A) In most cases, a test will be one part of a fully developed assessment plan. Most programs have cognitive, attitudinal, and performance goals. Tests are commonly used in association with cognitive goals – to review student achievement with respect to a common body of knowledge associated with a discipline or practice. Tools such as interviews and surveys are used more commonly in conjunction with other non-cognitive assessment techniques.

A) Use of a test is a good choice when:

• the student is to demonstrate acquisition of knowledge or ability to process and use knowledge (i.e., the outcome of interest is cognitive in nature).
• the student's knowledge about a wide range of content is to be evaluated (for example, survey and capstone courses).
• multiple observations of the content-related knowledge are needed (for example, math and foreign languages).
• more resources are available for constructing the assessment instrument, rather than for scoring and reporting results.
• a large group is being assessed.

A) In comparison to other assessment procedures, tests can sample student knowledge with efficiency and reliability – you can find out what a lot of students know in a brief period of time. A second advantage is that repeated use of a test will provide a means of comparison between different student groups or the same group over time. This type of testing practice provides reviewers with a rich context for evaluation, decision-making, and recommendations.

A) At a minimum, a good test will have:

• a well-defined purpose or intent.
• a foundation based on a set of written goals and objectives.
• some evidence that the test purpose was achieved – reliability and validity information about test items, the test as a whole, and the relationship between test scores and other indices of academic performance.
• detailed scoring procedures that allow for specific interpretations and feedback to those tested and those making decisions.

A) One common practice is to develop and adopt common pretests and posttests in courses with multiple sections. Items for common tests could be culled from existing exams. Another practice is to determine a portion of each unit exam, a specific set of items, that are scored for program assessment and also for individual evaluation. This practice is sometimes referred to as course-embedded testing. (When using course-embedded testing, it is important to notify students how the practice affects the assignment of grades.)
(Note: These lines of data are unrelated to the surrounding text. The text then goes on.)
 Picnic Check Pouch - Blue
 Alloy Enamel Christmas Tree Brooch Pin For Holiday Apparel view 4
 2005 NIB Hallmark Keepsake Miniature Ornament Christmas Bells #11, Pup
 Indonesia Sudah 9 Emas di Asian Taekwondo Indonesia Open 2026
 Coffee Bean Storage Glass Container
A) Generally, instructors develop their own classroom tests, making all decisions about when and how to construct, administer, score, and report results of tests. Construction is often done without formality or documentation. With assessment, planning, implementing, and using results become a group effort – a shared set of decisions and responsibilities. Consensus is emphasized. Some additional planning time, communication, and record keeping will be needed. The most frequent use of tests by instructors is to assign grades related to individual student learning. When used for program assessment, test performance is generally used along with other information to describe group achievement and is independent of grading.
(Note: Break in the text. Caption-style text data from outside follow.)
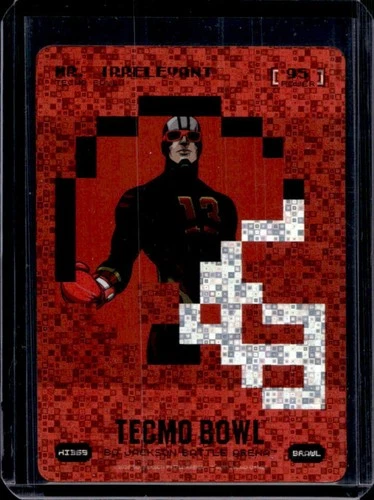 2026 Battle Arena Tecmo Bowl Mr. Irrelevant Helmet Icon Battlefoil #HI369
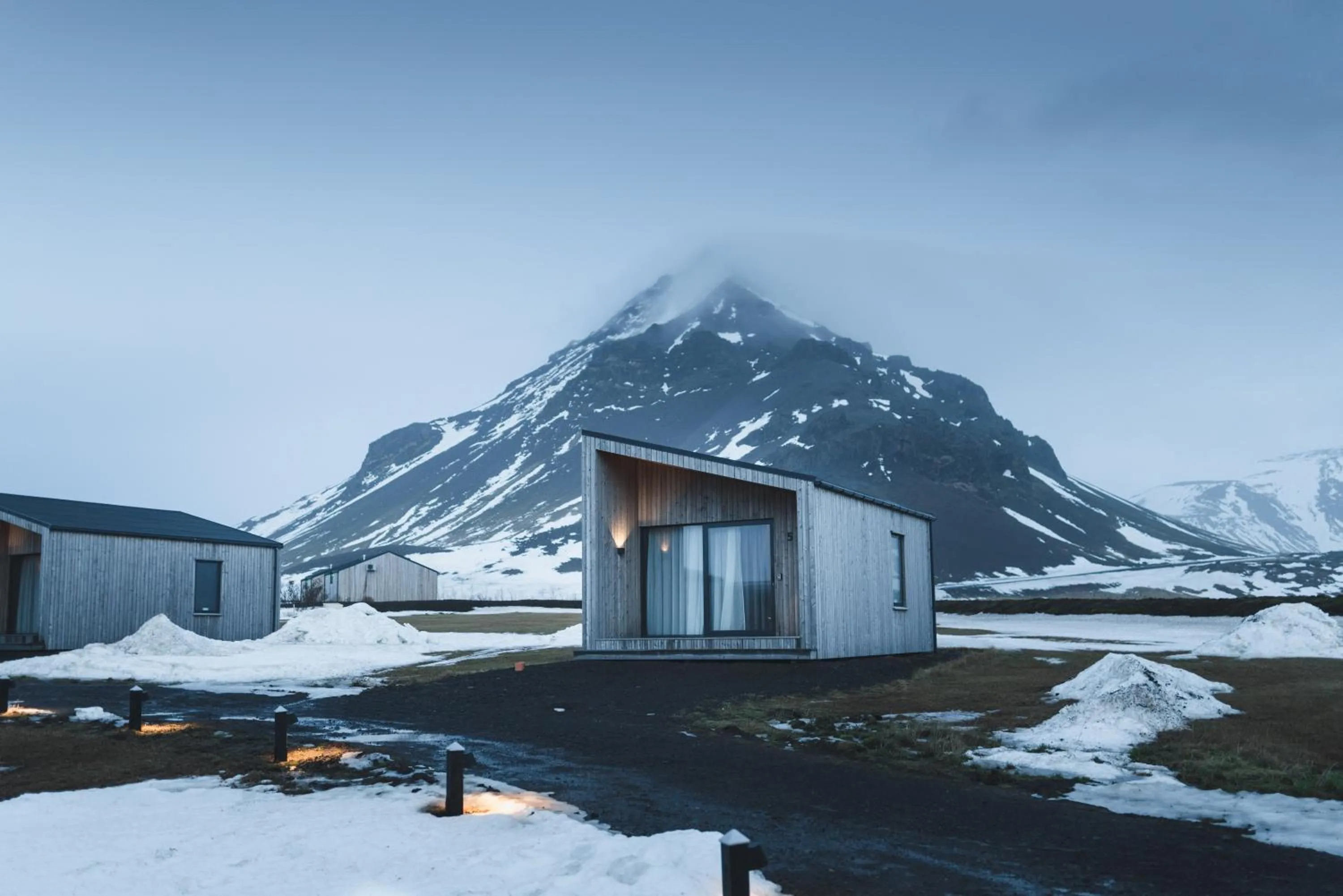 Bird's eye view in Arnarstapi Cottages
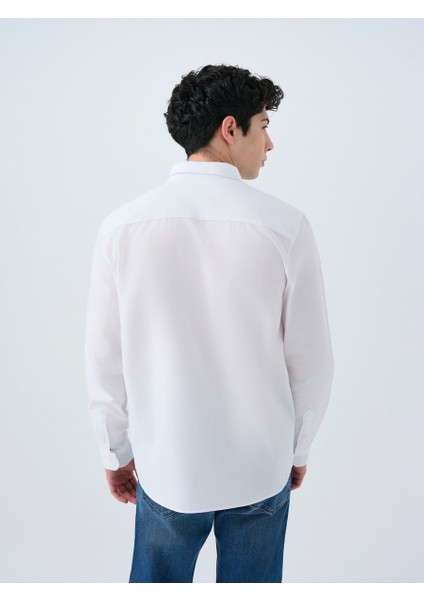 Regular Fit Erkek Gömlek U.kol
A) Because tests for assessment are different than tests for grading, it is recommended that you provide a brief orientation which covers the following topics:

• the purpose of the test and how results will be used
• how the students will benefit
• whether guessing is appropriate
• whether names and identification numbers are needed and why

Q) What is a standardized test?

A) A standardized test is one in which the initial construction, as well as conditions for administration and scoring, have a uniform procedure so that the scores may be interpreted in a consistent manner from one administration to the next. These are designed by test development specialists, either internally or externally.

A) Seven basic and sequential steps are recommended:

1. Determine the outcomes to be measured.
2. Develop a test blueprint.
3. Write the test items.
4. Review, critique, and edit the items.
5. Pilot the items.
6. Obtain reliability and validity data.
7. Revise, reuse, and report.

Q) What are the differences between a locally-developed and an externally-developed test?
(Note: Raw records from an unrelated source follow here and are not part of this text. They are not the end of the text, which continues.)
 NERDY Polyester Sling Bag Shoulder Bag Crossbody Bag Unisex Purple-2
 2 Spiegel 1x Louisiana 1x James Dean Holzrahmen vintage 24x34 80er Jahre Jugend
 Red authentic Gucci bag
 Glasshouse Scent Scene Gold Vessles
A) Differences between locally- and externally-developed tests are described below.

Q) Are there any important decisions that precede test development?

A) Yes. Before a test is developed, a few decisions about use of results need to be clarified because they will have an influence on test construction. Three critical decisions are raised here.

• Are group or individual results needed? Good questions to ask are:
• Can individual scores be created from group scores?
• Are individual-level data necessary for programmatic decisions?
• Do the decisions being made affect individuals?
• What types of item formats are needed? Items can be broadly classified as either recognition or production types. A detailed comparison of types of tests is provided in Table 1.  Good questions to ask are:
• Does the item format allow inferences about the thinking skills of interest?
• Is there a simpler format for the information of interest?
• Are criterion- or norm-referenced results needed? Good questions to ask follow brief descriptions of each type of test.

Criterion-referenced tests:

• provide absolute comparisons.
• describe the desired student performance directly and in detail.
• are used to judge performance by some pre-set standard (proficiency or mastery).


Norm-referenced tests:

• provide relative comparisons.
• describe performance in terms of the relative position held by some known group or individual.
• are used to judge performance in comparison to others.


Good questions to ask are:

• Is mastery of information or thinking skill necessary to move to a new area of study?
• Do all students need to show a minimal level of knowledge? By a certain time?
• Did students begin with a wide range of ability?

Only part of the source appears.